La deuxième partie de l’ouvrage montre précisément la formidable promotion de l’opinion, dans ses rapports avec le pouvoir et la vérité : l’opinion publique naît de son alliance avec la philosophie. De Locke à Montesquieu, l’opinion s’érige en tribunal et la vérité devient sa règle, présente dans les discours de réception à l’Académie Française (Malesherbes). La métaphore illustre sa force : tantôt mer, torrent, tempête, sa mise en scène est de moins en moins philosophique, de plus en plus politique comme le montre Voltaire dans l’affaire Calas, obtenant sa réhabilitation en 1765.

On connaît la fortune historiographique de cette représentation fantasmée qu’avaient les philosophes d’un public acquis aux idées philosophiques : de Tocqueville à Mornet, en passant par Taine, l’opinion publique apparaît comme un phénomène négatif, responsable de la Révolution Française. Tous les manuels scolaires font précéder l’étude de la Révolution française de celle des philosophes que les révolutionnaires sacralisent en les faisant entrer au Panthéon. Mais pour Roger Chartier, au contraire, ni idées ni livres ne peuvent suffire à faire la Révolution.

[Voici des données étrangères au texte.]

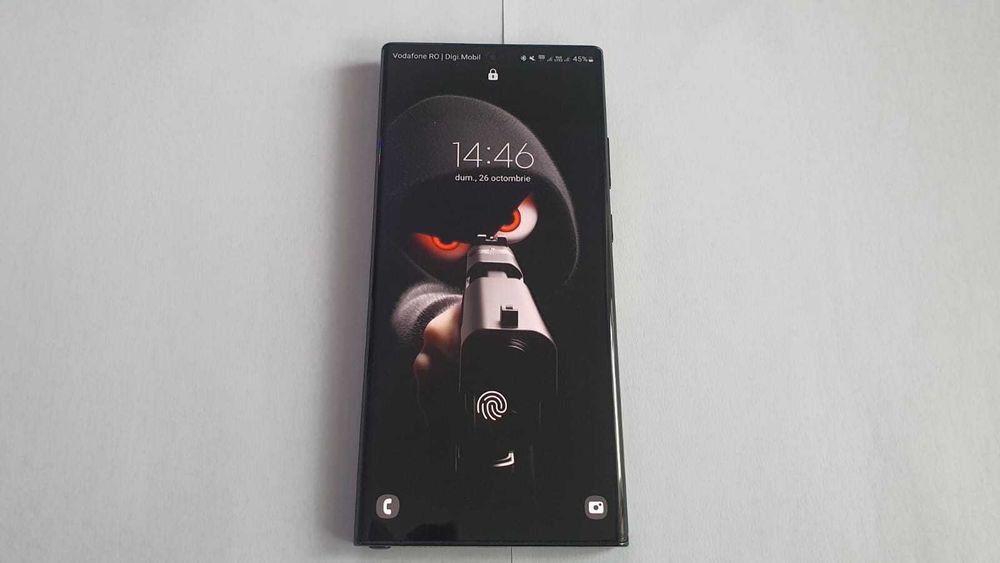 Samsung Galaxy Note 20 Ultra 5G  256 Gb / 12 Gb Ram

En fait, l’étude de Nicolas Veysman vient confirmer l’instrumentalisation de l’opinion publique par les philosophes, emblématique d’une réelle mutation de la culture politique des hommes des Lumières ; mais elle montre surtout l’évolution dans l’espace de la littérature, de l’idée d’opinion au cours du siècle, évidence philosophique avant de devenir évidence politique. On ne contestera pas la place centrale que le concept prend dans la stratégie discursive des philosophes, révélatrice d’une conscience nouvelle d’une force qui se nourrit de la faiblesse du pouvoir.

Mais il n’en reste pas moins l’embarras de l’historien moderniste, pour ne rien dire de celui du médiéviste, qui observe dans la circulation de l’information, dans l’espace urbain comme dans celui des imprimés politiques, l’existence d’une réalité socio-politique indiquant que les philosophes ne font là que s’approprier une autorité insaisissable, dont la révélation précède l’utilisation rhétorique. Gageons que la fiction littéraire admirablement mise en évidence par Nicolas Veysman n’a de sens que dans la mesure où elle traduit confusément la vitalité du processus dynamique et créateur dans lequel se forme ce phénomène mobile et fuyant qu’est l’opinion publique, à saisir dans cette ambivalence entre deux univers, celui de la représentation et celui de la réalité socio-politique.